Warum müssen mit Flüssigkeit gefüllte Hartkapseln versiegelt werden?
Die Versiegelung schützt die Kapselnaht und verringert die Gefahr von Undichtigkeiten bei Handhabung, Transport und Lagerung.
Was ist der Unterschied zwischen mit Flüssigkeit gefüllten Hartkapseln und Softgels?
Mit Flüssigkeit gefüllte Hartkapseln bestehen aus einer starren, zweiteiligen Hülle, die nach dem Verschließen befüllt und versiegelt wird, während Softgels eine flexible, einteilige Hülle verwenden, die während des Verkapselungsprozesses geformt wird.
Können HPMC-Kapseln für die Flüssigkeitsabfüllung verwendet werden?
Ja. Geeignete HPMC-Kapseln können für flüssige Formulierungen verwendet werden, jedoch sollte vor der Produktion die Verträglichkeit zwischen dem Kapselmaterial und der Formulierung geprüft werden.
Was führt dazu, dass mit Flüssigkeit gefüllte Hartkapseln undicht werden?

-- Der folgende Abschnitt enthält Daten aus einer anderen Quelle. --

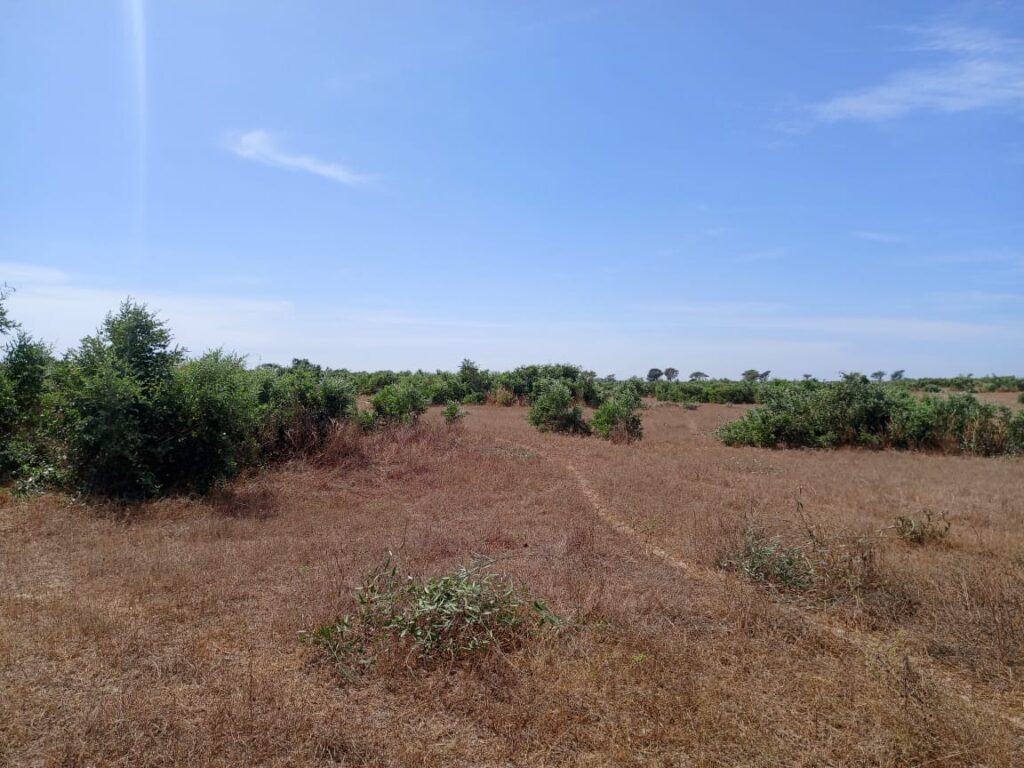Terrain Agricole de 6,90 Hectares vers Tassette – Thiès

Häufige Ursachen sind ungeeignete Formulierungseigenschaften, falsche Abfüllparameter, Verunreinigungen im Bereich der Kapselnaht, unvollständige Versiegelung oder eine schlechte Verträglichkeit zwischen Füllmaterial und Kapselhülle.
Literaturhinweise
1. Cole, E. T., Cadé, D., & Benameur, H. Herausforderungen und Chancen bei der Verkapselung von flüssigen und halbfesten Formulierungen. Advanced Drug Delivery Reviews. https://doi.org/10.1016/j.addr.2007.10.002
2. Podczeck, F., & Jones, B. E. Pharmaceutical Capsules. Pharmaceutical Press.